**What is expected**
Find the line containing "Tornionjoen vesistöalue - Virtaama", then return it and every line after it through the end of the records, exactly. Leave out pictures.

**Material supplied**

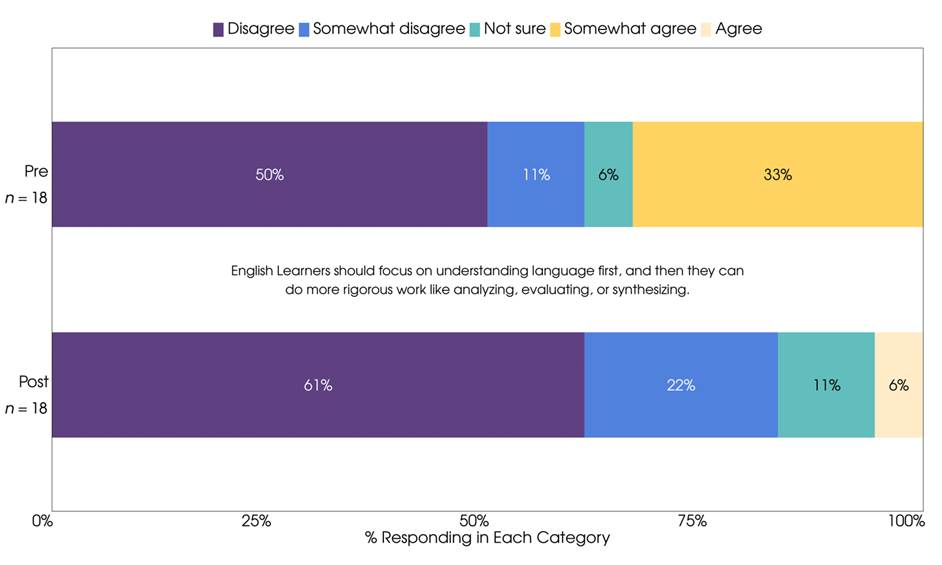 FIGURE 1. TEACHERS’ BELIEFS ON LANGUAGE BEFORE RIGOROUS INSTRUCTION FOR ELS, PRE- AND POST- IMPLEMENTATION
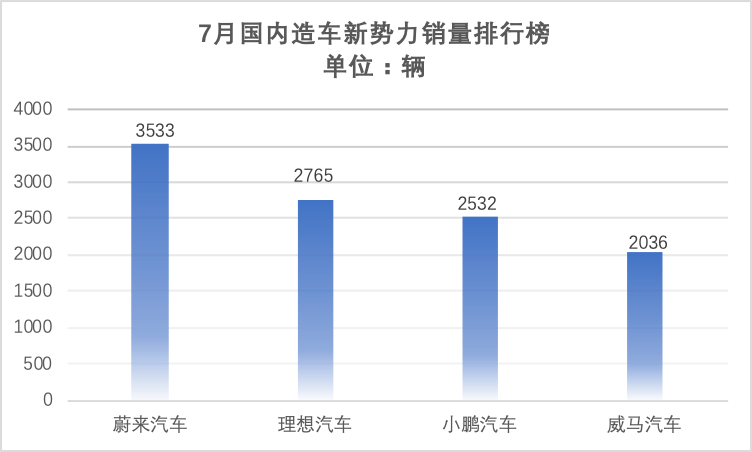 型反转|26个月以来最强正增长，车市V型反转背后，下半年3%~5%增幅可期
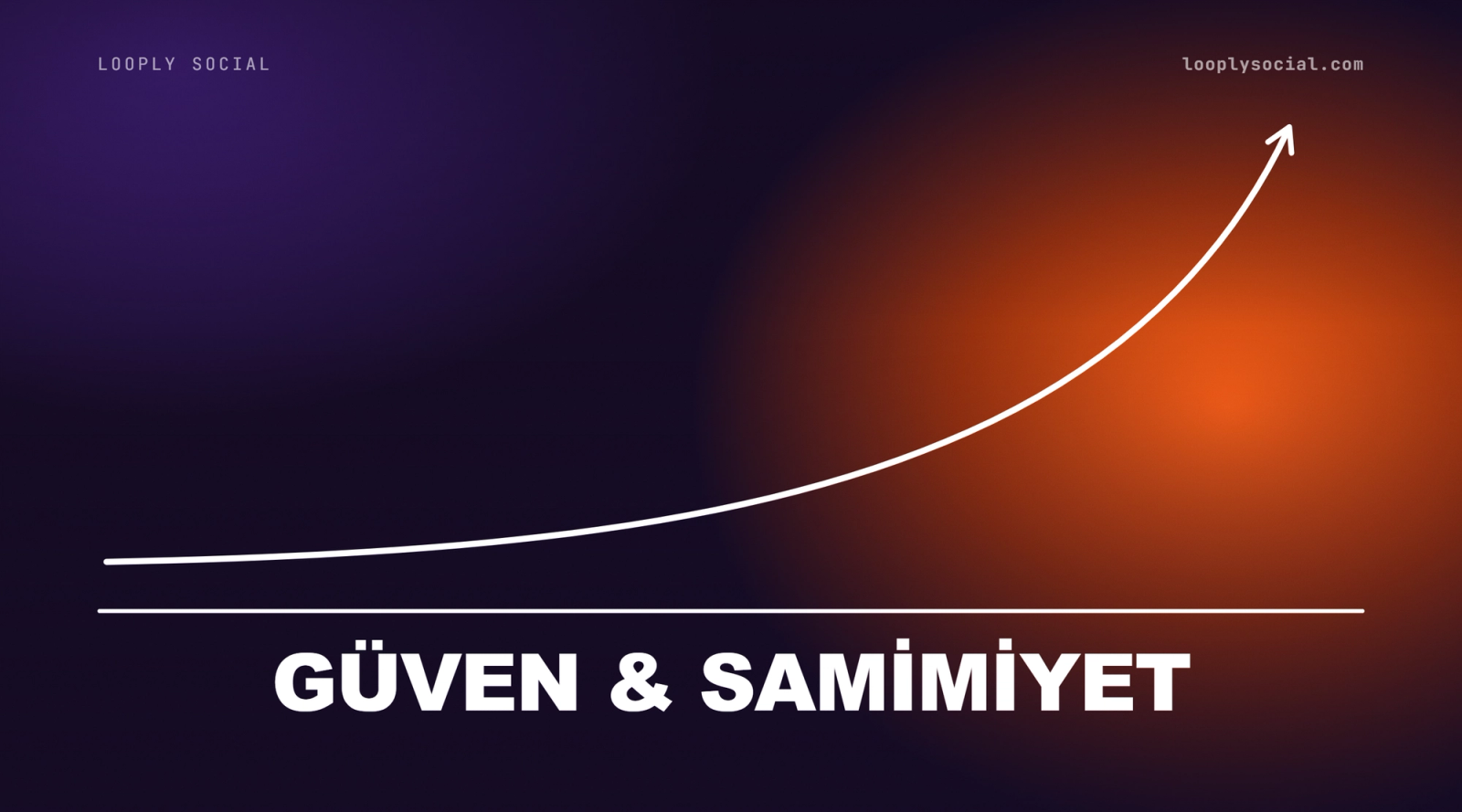 UGC ile güven ve samimiyet arttıkça e-ticaret cirosunun yükselişini gösteren grafik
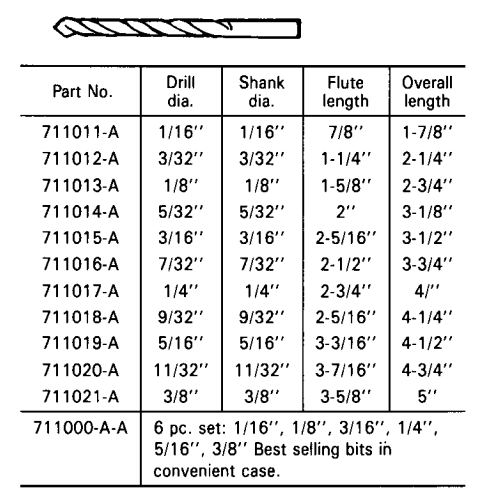 Makita 6221D Cordless Driver Drill-12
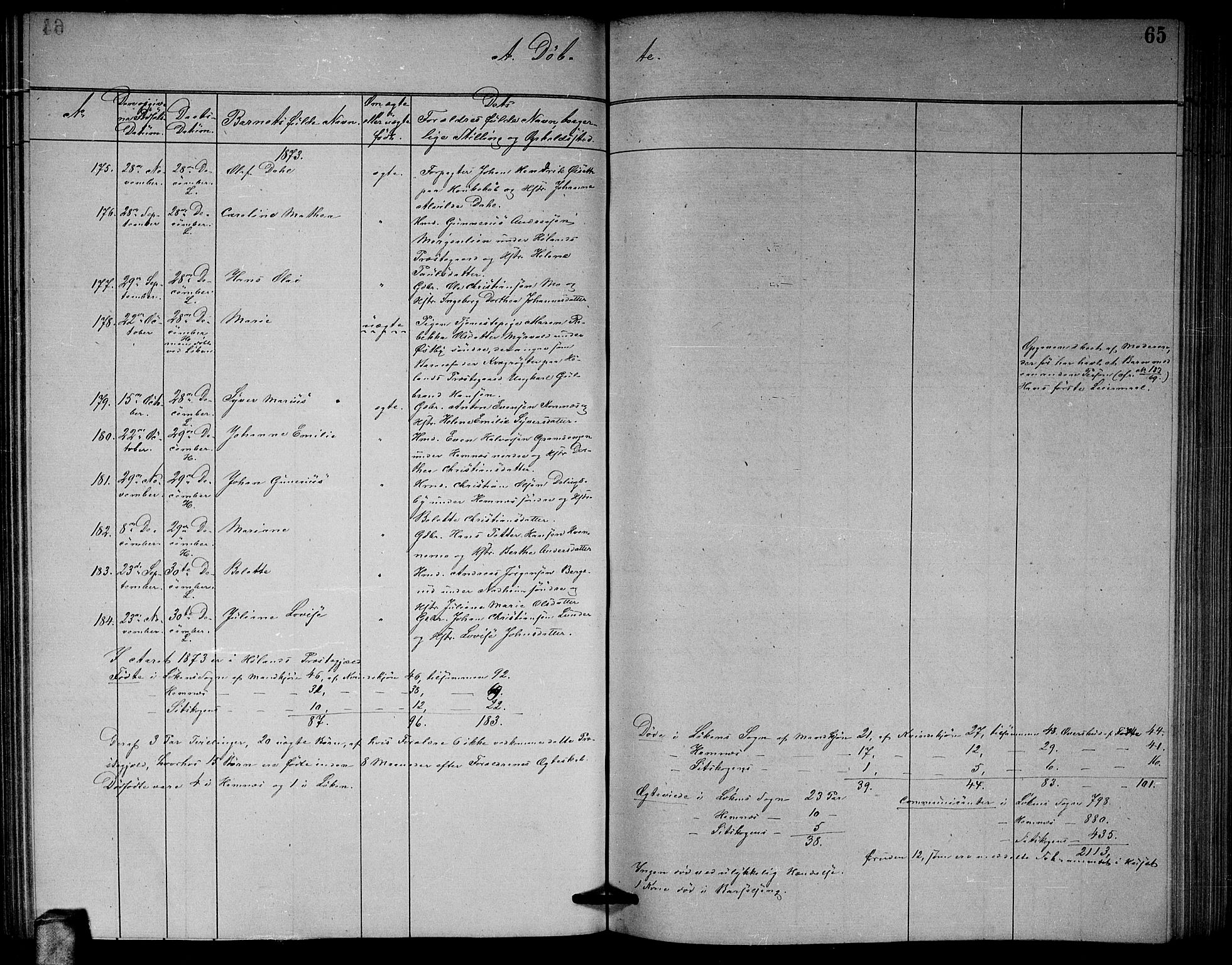 Høland prestekontor Kirkebøker, AV/SAO-A-10346a/G/Ga/L0006: Parish register (copy) no. I 6, 1869-1879, p. 65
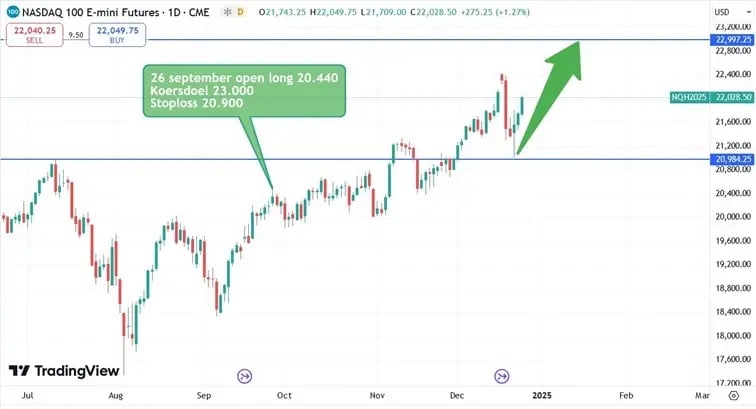 Nasdaq_koers_27-12-2024
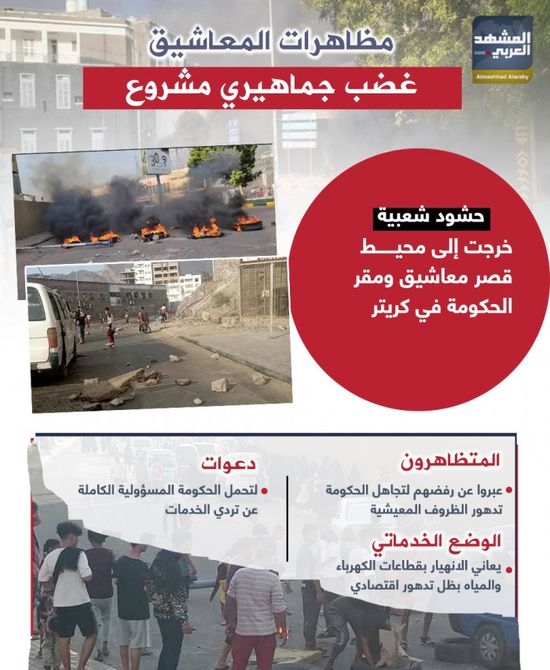 مظاهرات المعاشيق.. غضب جماهيري مشروع (إنفوجراف)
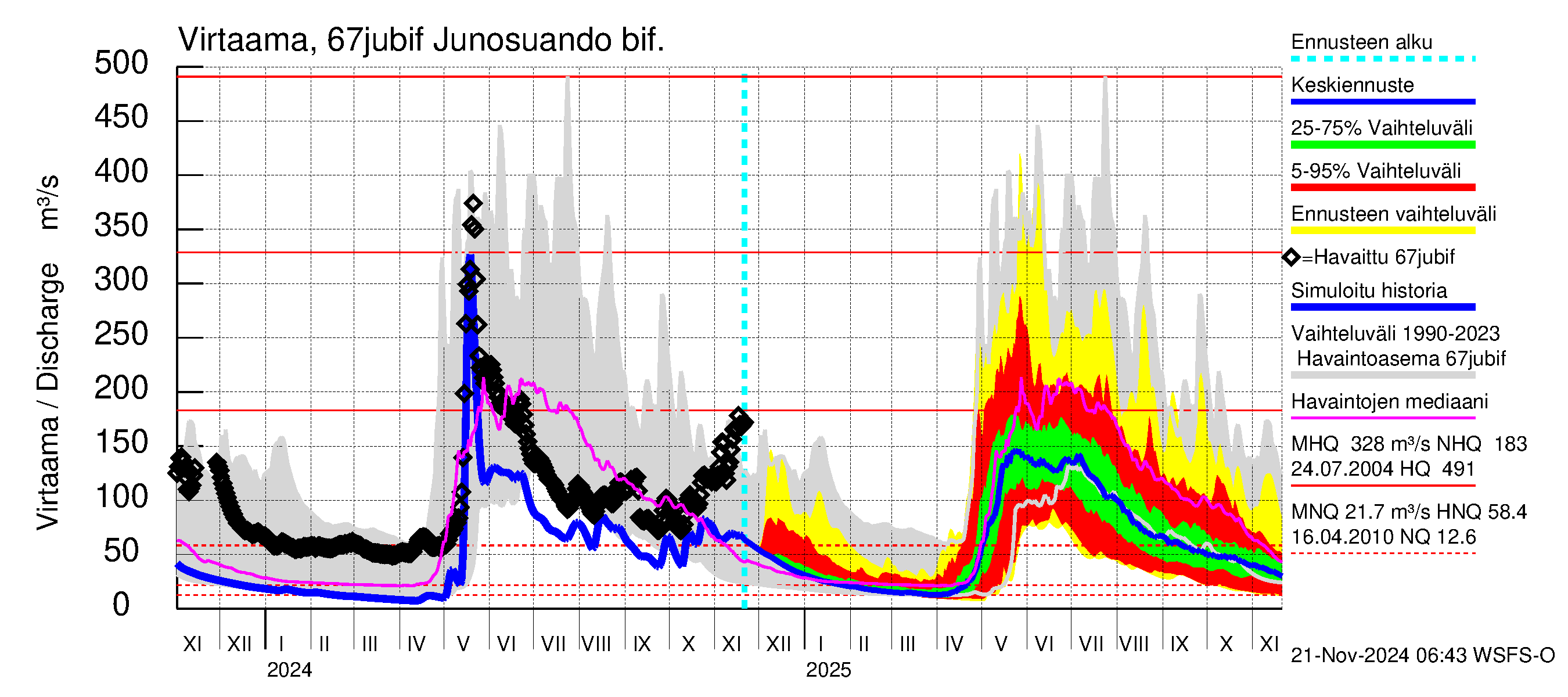 Tornionjoen vesistöalue - Virtaama Tornionjoesta Kalix-jokeen: Virtaama / juoksutus - jakaumaennuste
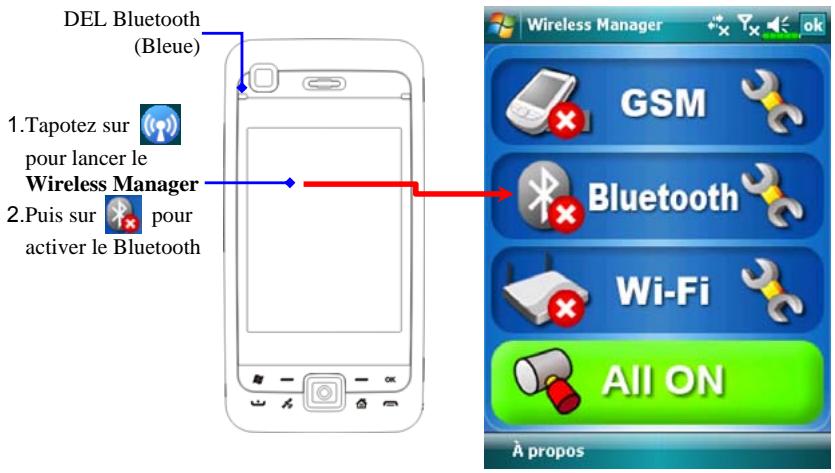 E-TEN M800 - Utiliser Bluetooth - 1
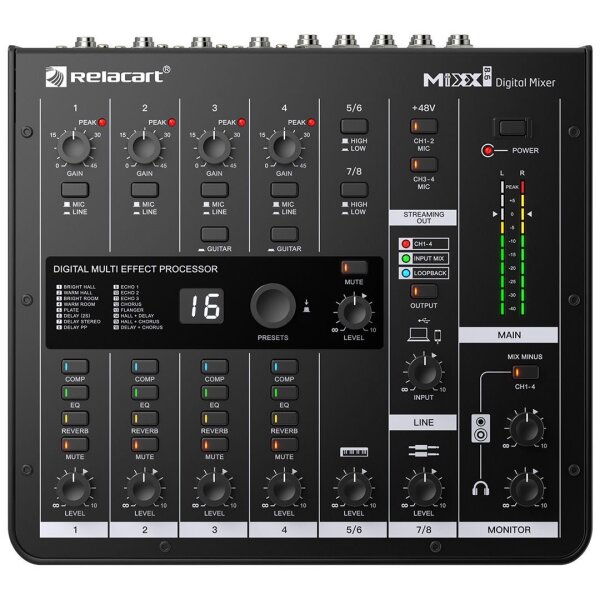 MIXX8.6 | 8-Channel Digital Mixer - 1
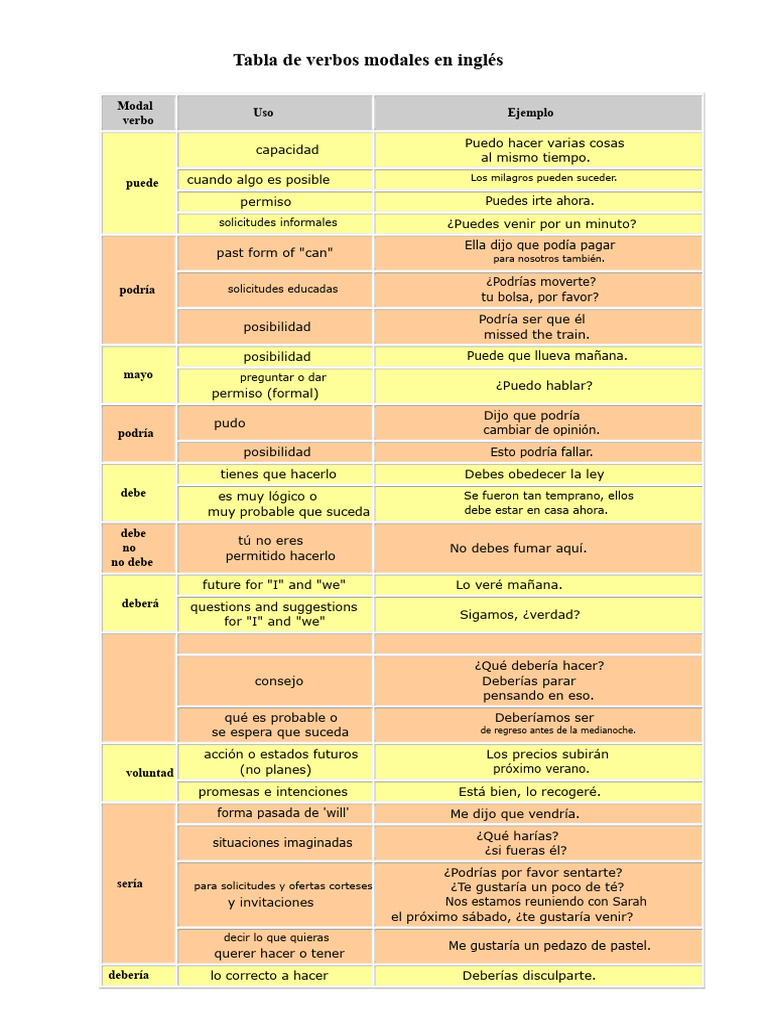Tabla de verbos modales en inglés | PDF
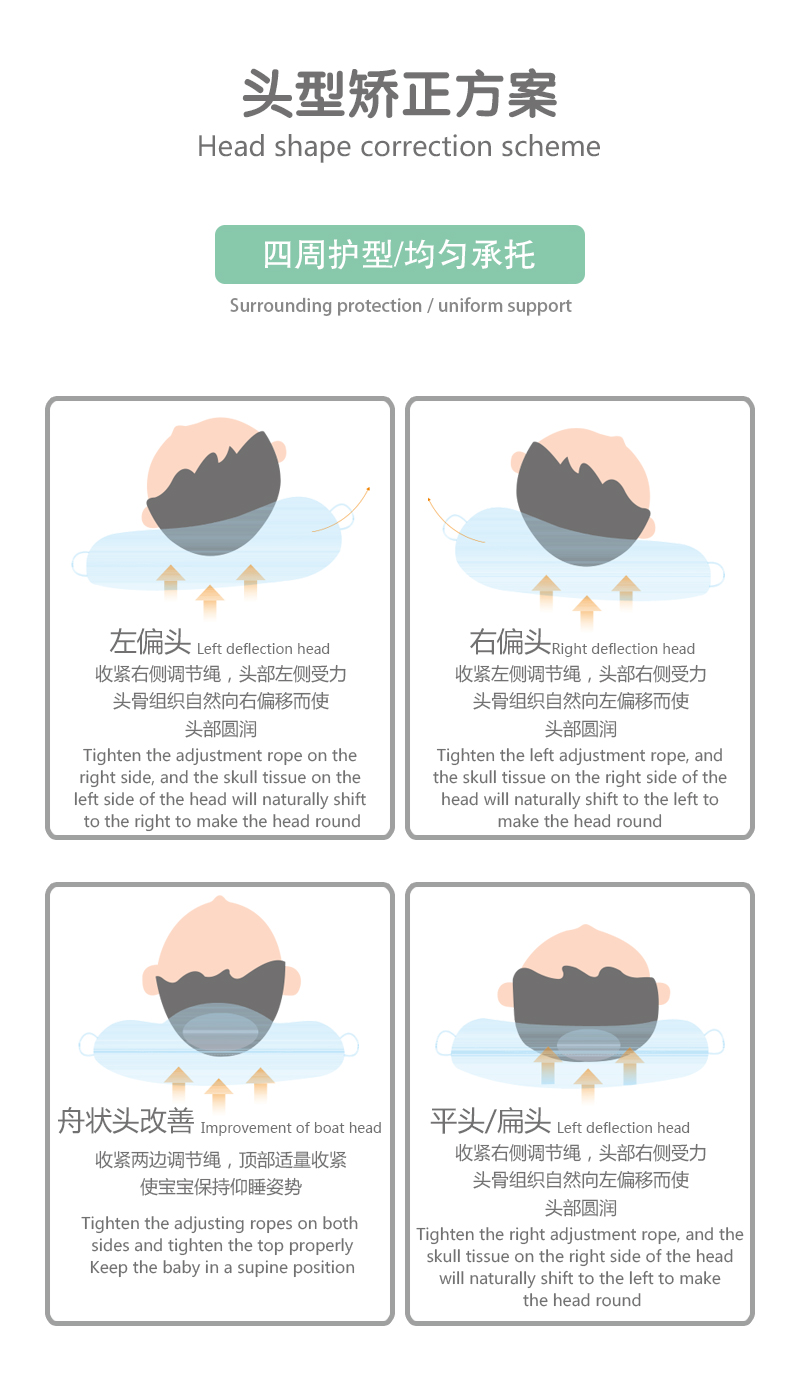 詳情圖5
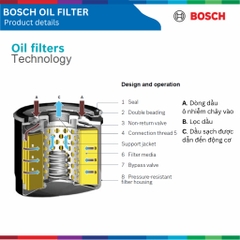 Lọc dầu giấy BOSCH Oil Filter 0986AF0009 xe TOYOTA Camry đời (2015-2020)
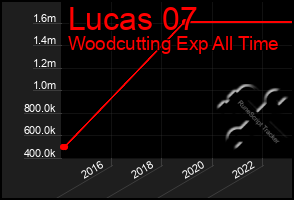 Total Graph of Lucas 07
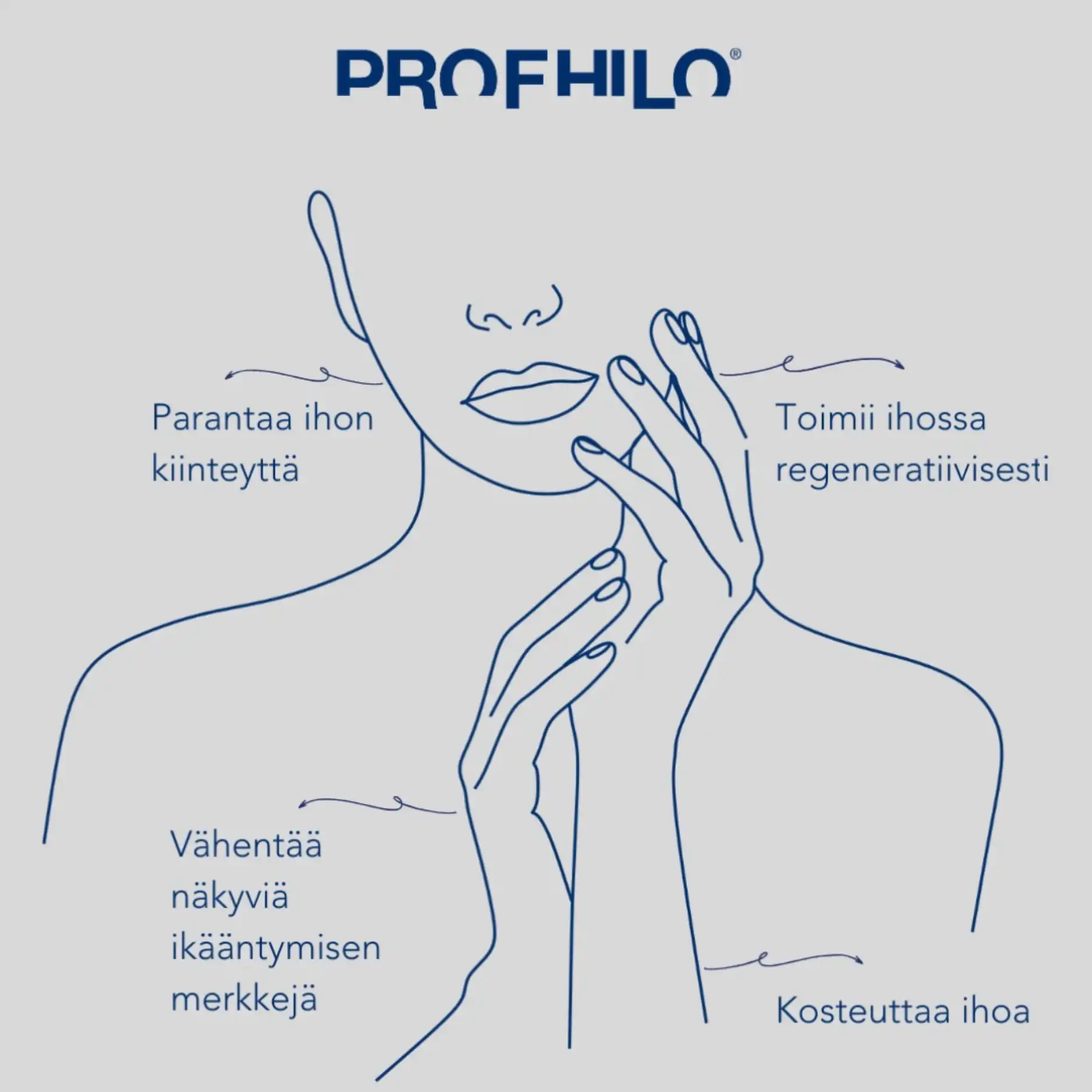 Miten Profhilo-hoito toimii? Miten Profhilo-hoito toimii?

**Answer section**
 Tornionjoen vesistöalue - Virtaama Tornionjoesta Kalix-jokeen: Virtaama / juoksutus - jakaumaennuste
 E-TEN M800 - Utiliser Bluetooth - 1
 MIXX8.6 | 8-Channel Digital Mixer - 1
Tabla de verbos modales en inglés | PDF
 詳情圖5
 Lọc dầu giấy BOSCH Oil Filter 0986AF0009 xe TOYOTA Camry đời (2015-2020)
 Total Graph of Lucas 07
 Miten Profhilo-hoito toimii? Miten Profhilo-hoito toimii?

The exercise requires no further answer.